I was not surprised when I read this article to see a similar pattern in other businesses that have failed to survive in the present unforgiving climate. So here is my take on the 5 lessons to be learnt by the failure of General Motors to survive;

1. Bad financial policies. I was stunned to learn that GM has been bankrupt since 2006 and has avoided a filing for years thanks to the graces of the banks and bondholders. But for years it has used cars as razors to sell consumers a monthly package of razor blades — in the form of highly profitable car loans. In 2005, GM limited its $6 billion in vehicle operating losses due to the $2.2 billion it made financing those vehicles. And the two Harvard MBAs who drove GM to bankruptcy — Rick Wagoner and Fritz Henderson — both rose up from GM’s finance division, rather than its vehicle design operation. Consider other Businesses like ABC child care centres and MFI in Australia who both went bankrupt and then were revealed to have been trading in solvently. Do you think this is limited to large corporations?

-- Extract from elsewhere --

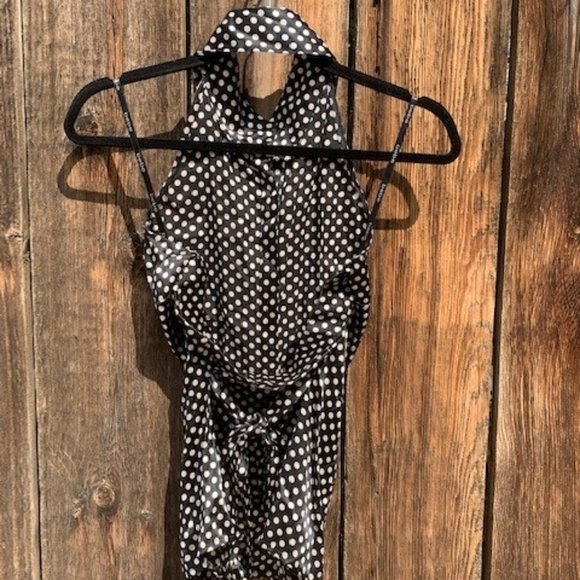 Black and white polka dot halter top - Picture 2 of 3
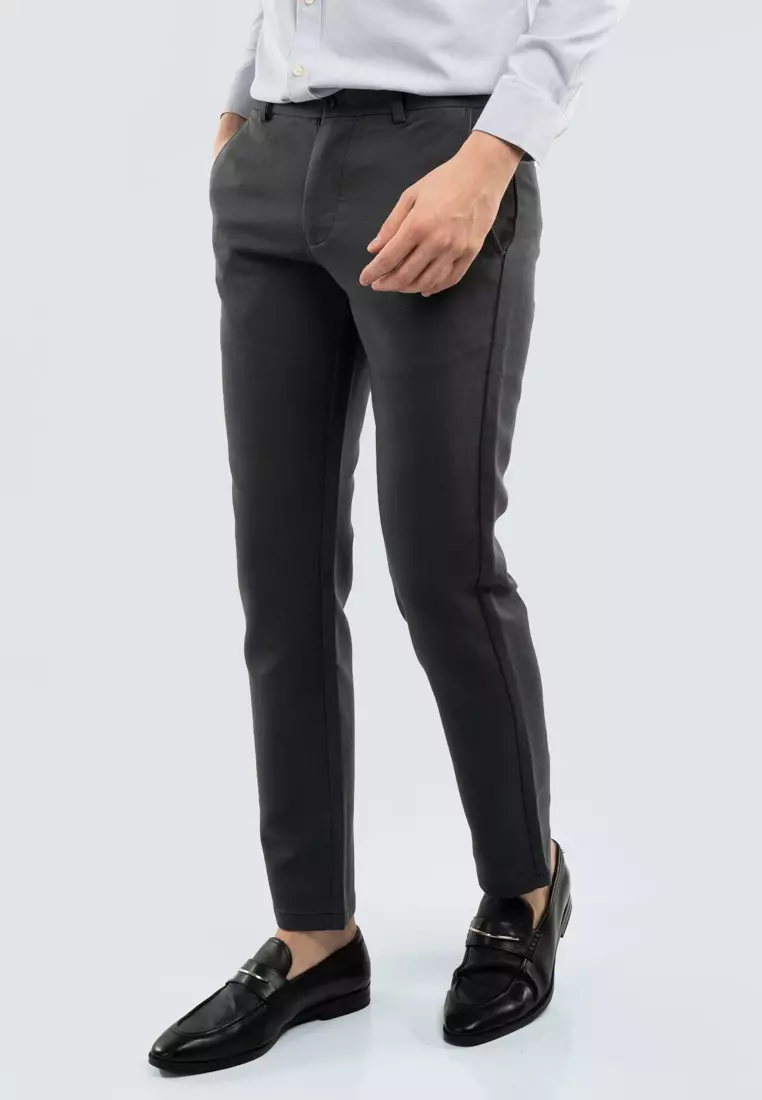 Polo Haus - Men’s Cotton Mix Regular Fit Flat Front Cotton Pant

2. Uncompetitive vehicles. Compared to its toughest competitors — like Toyota Motor Co. – GM’s cars were poorly designed and built, took too long to manufacture at costs that were too high, and as a result, fewer people bought them, leaving GM with excess production capacity. People were willing to pay more for Toyota vehicles than for GM’s since Toyotas were better designed and built so they had higher quality, cost less to own, and lasted longer. GM resorted to cutting price on its inferior vehicles and it had higher costs so it was squeezed on the revenue and cost sides of its income statement. Imagine being in a business where you continued with a strategy of selling an inferior product at a higher cost price than your competitors but a lower selling price to compete.

3.  Ignoring competition. GM has been ignoring competition — with a brief interruption (Saturn in the 1980s) — for about 50 years. At its peak, in 1954, GM controlled 54% of the North American vehicle market. Last year, that figure had tumbled to 19 percent. Toyota and its peers took over that market share. In retrospect, if Roger Smith’s successors had infused the rest of GM with the Saturn culture of giving the consumer a better car buying and ownership experience than that offered by its competitors, GM probably would not be on the verge of bankruptcy today. I can think of a number of businesses who arrogantly ignore the competition and keep doing what they’ve always done.

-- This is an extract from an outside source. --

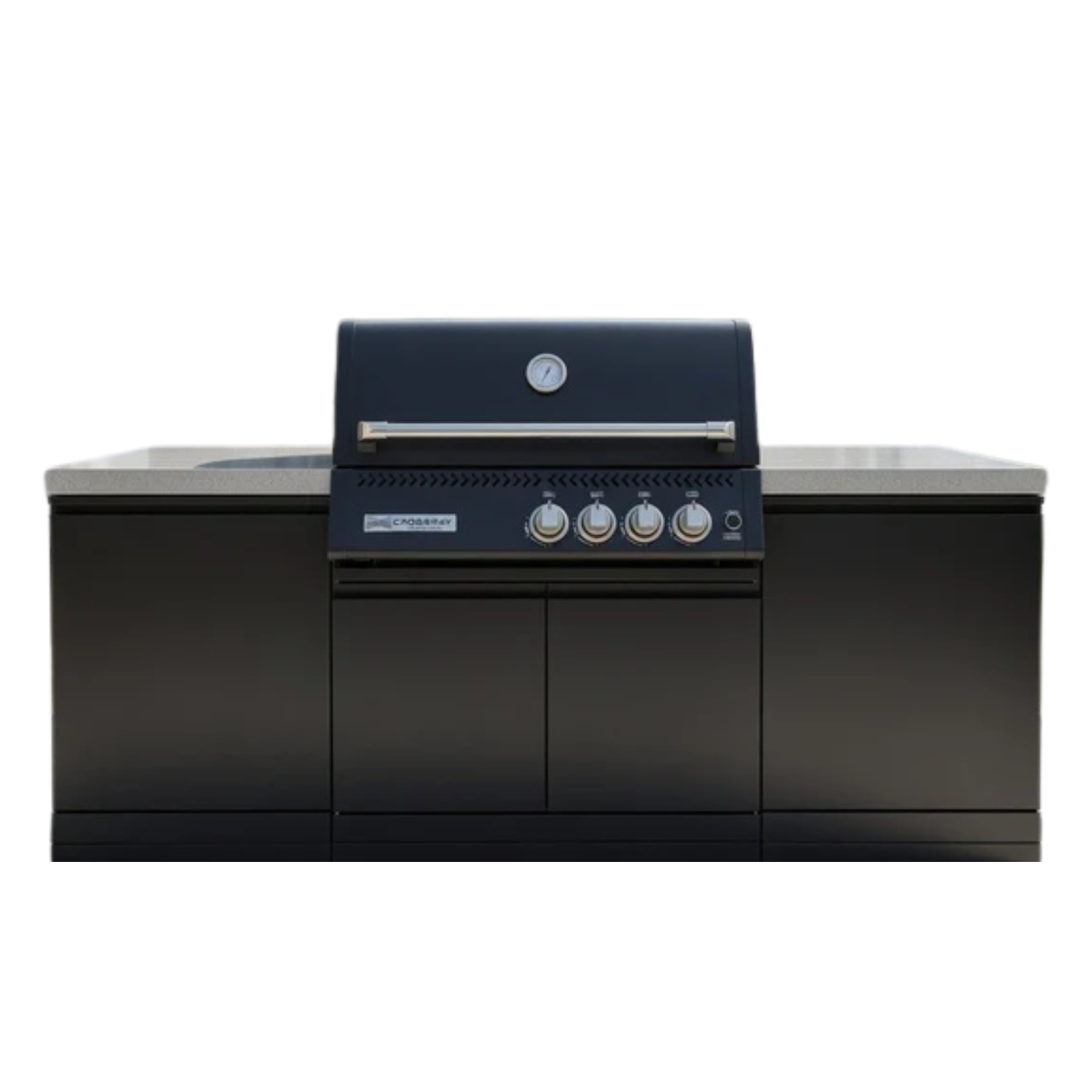 Black outdoor kitchen grill and cabinets on a white background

4. Failure to innovate. Since GM was focused on profiting from finance, it did not really care that much about building better vehicles. GM’s management failed to adapt GM to changes in customer needs, upstart competitors, and new technologies. If a business ignores its customers changing tastes and technological innovations then it will fail to survive.

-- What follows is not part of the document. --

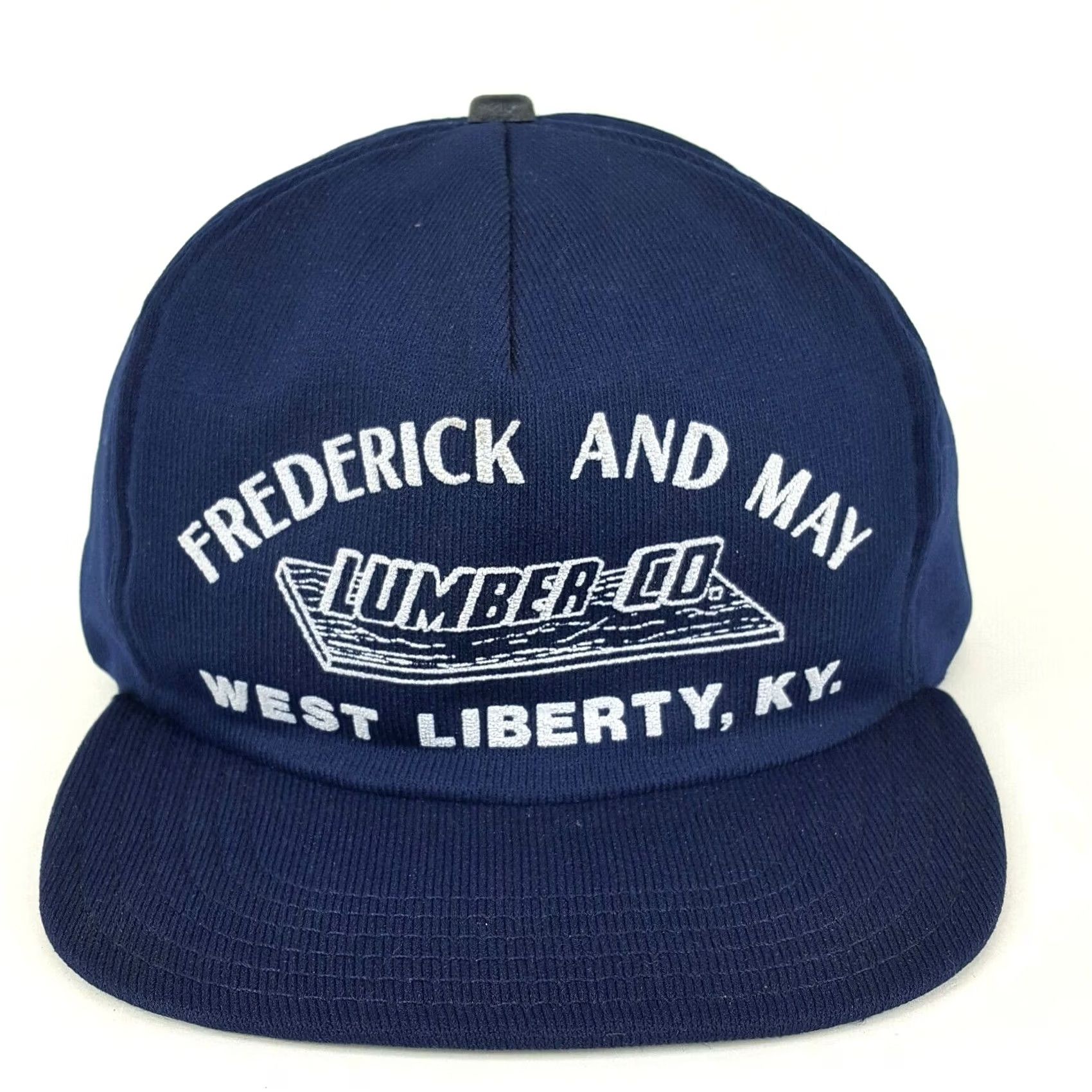 Vintage Vintage Lumber USA Trucker Hat Snapback Puff Print Cap Blue Navy Men Adjustable Cap Size ONE SIZE - 2 Thumbnail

5. Managing in the bubble. GM rewarded people who followed the old way of doing things and those who challenged that thinking found themselves on the outs — causing them to lose opportunities for promotion. So the smart thing for those seeking promotion within GM was to praise the CEO’s wisdom and carry out his orders. What looked stupid from the perspective of customer and competitors was smart for those bucking for promotions. At the core of this managing in the bubble is a syndrome called Confirmation Bias (See Peter Cohan) the tendency of managers to filter out information that does not match up with their pre-conceived notions.

GM’s failure to survive after 101 years is an indictment of American management in general. It highlights the damage to the economy that results when finance becomes the tail that wags the economic dog. And it shows what happens to any company that fails to adapt to change.

And sadly Gm will not be the first or the last company to fold for these 5 reasons. The question is could your business be joining them or are you prepared to take an honest review of your business and make the necessary changes before the choice is taken away?